Dear Lazyweb,
I find myself needing to create excerpts of HTML text with full markup, which sounds like an easy problem to solve incorrectly but is actually quite interesting and difficult to do correctly. The brief description of the problem is: take arbitrary HTML and produce an excerpt containing the first N characters of the text, including the markup but only counting the characters in the text. In other words, while “<b>bold</b>” is 11 bytes long, it only represents 4 characters of text towards the N character excerpt. This is why taking a simple substring of N bytes doesn’t work: it counts any markup as characters and worse, could break/unbalance tags, since the closing tags are likely to be truncated away.
My first thought to solving this problem simply — in under 5 minutes, would be my definition of simple — would be to write some code that walks the string, counting characters and stepping over markup, and truncating after the first N characters. This at least solves the “excerpt of N characters” portion of the problem. However, this leaves two problems unsolved: (1) what if the 100th character falls in the middle of a word, and (2) what do I do about any unclosed tags? Solving the word-boundary problem is simple: if the 100th character falls in the middle of the word, back up until the start of the word and truncate there. This does mean our excerpt will be less than N characters, but only by a word fragment which is acceptable in most cases, since I’m guessing most words are shorter than 15 characters. But, closing unclosed tags … in the odd edge case, this can get messy. If you’re starting out with well-formed HTML or XHTML, perhaps it’s a simple problem. But, in the general case, we know the world’s HTML is far from clean — plenty of it is invalid, which means creating rules to close tags based on the assumption that you’re working with well-formed input is not going to work.
There’s a well-known solution to cleaning up HTML called TagSoup and it does a magnificent job and has been packaged for easy use from the command line, which is an added bonus. The only downside is that it’s in Java and I primarily work in Tcl. Now, I can execute stuff from Tcl and grab the output, but that’s far from desirable from a performance standpoint — firing up a JVM every time I need to sanitize some HTML string would be insane. Sure, I could go through the gyrations to write a simple TCP server and make TagSoup available via network RPC, but that’d mean writing a mound of Java code and that’s a deep rathole that I want to avoid (it sure won’t take me 5 minutes). So, here’s my plea: Lazyweb, please implement TagSoup in Tcl, please.

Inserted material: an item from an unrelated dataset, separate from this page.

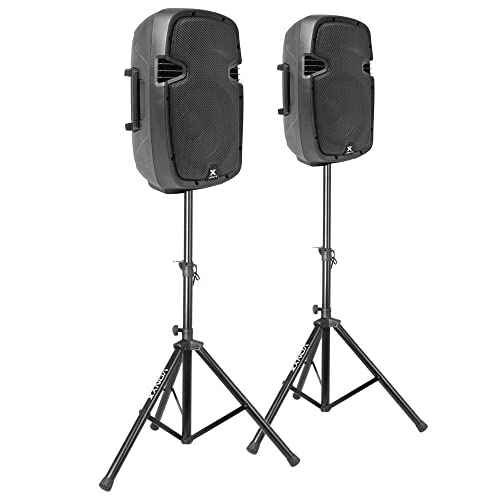 Vonyx SPJ-1000A - PA Lautsprecher Set mit Ständer, DJ Boxen, 10 Zoll Hi-End Aktiv Speaker Set, 800 Watt DJ Anlage mit Stativen, Partyboxen, PA Anlage Komplettset, Stativ Lautsprecherset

In the meantime, I’m going to work on a simple implementation that’s based around a whole lot of assumptions about the input data I currently need to work with, but a solid, robust solution in the general case for Tcl would be really useful.
Thanks for the kind words about TagSoup. It was hard enough to write in Java; redoing it in pure Tcl is rather beyond me, I’m afraid, though I’d support anyone who wanted to do so. It would be much simpler, however, for someone who knows Java to make it into a network server, since the Parser object is reusable: you just need to listen on a socket and all that.
Hi, John! Thanks for stopping by!
I’m sure it would be “simple” to create a network server for TagSoup in Java … the minimum required features to implement would certainly be a short list.
So, any chance someone’s already hacked together a tagsoupd already? :-)